Occupy protester's tweets fair game for prosecutors: judge

4/23/2012 COMMENTS (3)

NEW YORK, April 23 (Reuters) - An Occupy Wall Street protester has lost his bid to quash a subpoena seeking his Twitter records from last fall, when he was arrested during a mass protest on the Brooklyn Bridge.

Criminal Court Judge Matthew Sciarrino Jr., who is overseeing a special courtroom dedicated to handling nearly 2,000 Occupy-related cases, ruled that Malcolm Harris did not have standing to challenge the third-party subpoena. Prosecutors from the Manhattan District Attorney's Office served the subpoena on Twitter in January, requesting Harris' user information and more than three months' worth of tweets.

The judge compared Harris to a bank account holder who by law cannot challenge a subpoena of his records served on his bank.

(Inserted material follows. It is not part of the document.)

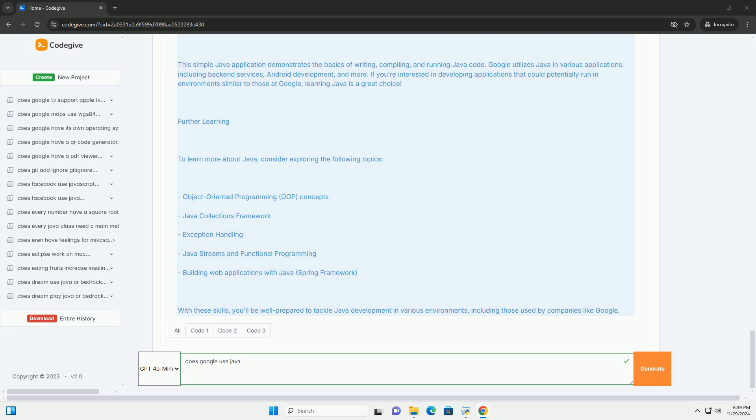Step 1: Set up your environment. Make sure you have the Java Development Kit (JDK) installed on your machine.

"Twitter's license to use the defendant's Tweets means that the Tweets the defendant posted were not his," the judge wrote in a decision filed Friday.

Sciarrino's ruling -- which featured a handful of hashtags such as, "That motion is #denied" -- could bolster similar subpoenas that prosecutors have served on Twitter seeking records from other Occupy protesters.

Even though Harris lacked standing, Sciarrino said prosecutors had met the "low" legal threshold required to issue a subpoena.

In particular, he said prosecutors had shown that the tweets could have relevance to the case against Harris, by calling into question his "anticipated defense" that police officers led protesters onto the bridge before arresting them in October.

Martin Stolar of the National Lawyers Guild, who is representing Harris and filed the motion to quash, said he was planning to file a motion to reargue.

"I think the judge is incorrect in his understanding of the law," he said.

The district attorney's office declined comment Monday, referring to its brief in opposition to the motion.

The case is People v. Harris, Criminal Court of the City of New York, No. 2011NY080152.

For the prosecution: Assistant District Attorney Lee Langston

For Harris: Martin Stolar of the National Lawyers Guild

(Reporting by Joseph Ax)

Follow us on Twitter: @ReutersLegal 

 


Comments (3)

4/23/2012 6:05:56 PM by SueBasko

If this Judge's ruling were correct, which it is not, that would mean that by using any internet service, such as Youtube, emails, livestream, ustream, flickr, vimeo, Facebook, myspace, etc., the users would lose ownership and rights to their material -- which is not the case. This Judge's ruling goes contrary to the whole big body of law about internet subpoenas and warrants. Instead of trying to be clever and using hashtags to explain a topic with which the judge is unfamiliar, he should have sent the case to a judge that knows internet law. This body of law is way too important to let this happen -- time to reargue then appeal, or do whatever it takes.

4/23/2012 5:47:59 PM by SueBasko

This is a judge who clearly does not understand the law of Internet subpoenas. The Judge's rationale makes no sense and in no way follows the law of internet subpoenas. Of course Malcolm Harris has standing on this subpoena. This one Judge is not going to single-handedly change the law of subpoenas and warrants on communications. Appeal time!

4/23/2012 5:32:13 PM by DenJansen

Any time you Tweet stuff, it enters into the public domain. Otherwise celebrities could sue blogs for reposting their tweets. Why are people surprised the judge ruled in the prosecution's favor? If you don't want stuff coming up in court, don't discuss it on a website that, by design, is open for public viewing.